National Commission on Labour (1967)||
5.1 Economic development and social justice, between them, include a range of components to be pursued to reach the stated goals within a stated time-span. In our first three plans (1951—1966), the emphasis on different components of development mentioned earlier has changed according to the needs of the situation as also the goals of long-term growth. Within the stated time-span of one plan, the objectives set can be viewed in their combination differently: inter-related or competitive. For instance, without a substantial increase in investment and production, national income will not increase nor can there be a marked improvement in living standards. Building up of the economic and social overheads will be vital to this process, though their immediate results would be somewhat intangible. A simultaneous advance on these lines may mean a better utilisation of the abundant manpower in the country. Provision of adequate employment opportunities thus becomes a complementary objective. It is also possible to view the goals as competitive. A more equitable distribution of income may slow down the rate of growth of savings under certain conditions and consequently the overall growth. Emphasis on basic industries may necessitate capital intensive techniques and, in consequence, make the achievement of the employment goal difficult, at least in the initial stages. Development of relatively backward regions may involve the use of resources in a manner that may not maximise the national output in the short run.

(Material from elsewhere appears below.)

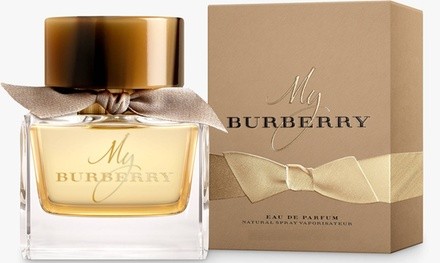 My Burberry by Burberry  EDP 3.0 Oz Women's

5.2 An important element of conflict is stated to arise even within the same objective if the time-horizon over which the plans are drawn up changes. In the initial stages, the rate of savings has to be stepped up to maximise the future output. This means an adjustment in the needs of the present generation to provide a higher standard for those to come. The problem is then of mobilising larger surpluses from the current low incomes and hence of restraining increases in consumption and the standard of living of the masses. And yet, there can be little doubt that these very masses deserve relief within their life-time. But such arguments that magnify the conflict should not be carried too far. The present will have to live to bring forth the future. Also the present generation too has certain rights, certain inheritances of the past, and these cannot he staked for all times for future benefits. Whatever the way one looks at the problem, planning
would require a judicious harmonisation of various claims in accordance with the democratic aspirations of the people.
Commitment to planned development has consequences to labour. Planning implies not only foreseeing the manpower requirement and its supplies, but their coordination at various stages of development to avoid any large bottlenecks and surpluses. But, as growth takes place, new skills are required and a developing economy constantly demands higher and higher skills. For this, considerable investments have to be continuously made for the development of human resources; and since these cannot he directly remunerative in a narrow accounting sense of the term, these must come largely from the State Likewise, considerable investments are required to undertake research for a general technological advance on which depend to a large extent increases in the productivity of labour, these must also come from State resources just as the enterprises, public or private, must allocate funds according to their needs and resources for the development of their technical know-how. From the view-point of labour, an important task of planning is to find and allocate resources for the development of its skills in accordance with the requirements of the economy and, at the same time. push ahead a technological advance to increase its productivity that is consistent with the clearance of the labour market.